Friday, 17 April 2009


Ever since the advent of cable television, many in this country have been watching Hindi TV serials. What struck me a few days ago were the innumerable scenes of Hindu religious rituals in those serials. Most of them show (pujas) and other rituals round the year. Most have idealistic protagonists who because of various twist and turns in their lives suffer for being righteous but in the end they 'win'. Some don't win, they just die, but they are 'avenged'. And so on. But the rituals are omnipresent, however the story twist or turn or eventually end. Also the Hindu (pujari) or priest occupies a very important position in the society depicted in those serials.
What one doesn't see are Muslims or anything to do with their religion. There are of course the celebration of Muslim Eid (to demonstrate the 'unity' of India perhaps) in these otherwise wholly Hindu serials but that is only once a year. Also there may be a few Muslim characters adorning the serial like the driver or chief accountant or the paan-wallah. I don't have to say how many times you are going to see them. A number of times, Gujrati families are shown but there was never ever any mention of the atrocities committed against Muslims in that state. It doesn't exist in the world of those serials.

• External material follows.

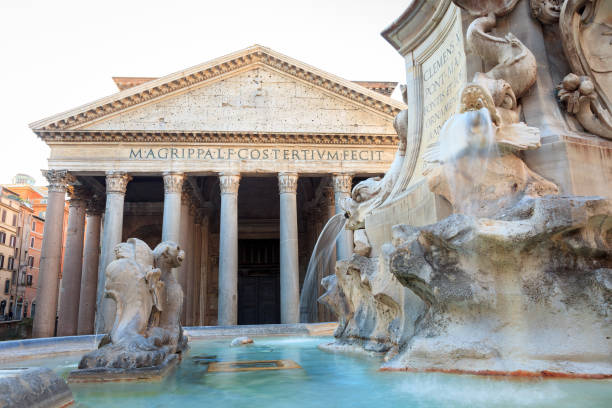 istock Pantheon in Rome, Italy 642484418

In contrast there is almost a complete absence of Islamic rituals in our own television serials. This could mean that the people responsible for those serials are at least more 'secular' than their counterparts in India. Though we have a less number of rituals we are supposed to pray five times a day, but most do not so in that sense one could say that the 'secularism' advanced in our serials is a reflection of reality. I am not suggesting for a moment that irreligiousness is secularism, but I am certainly saying that here the so-called Indian secularism takes a beating.
Ali Haider
Mirpur, Dhaka.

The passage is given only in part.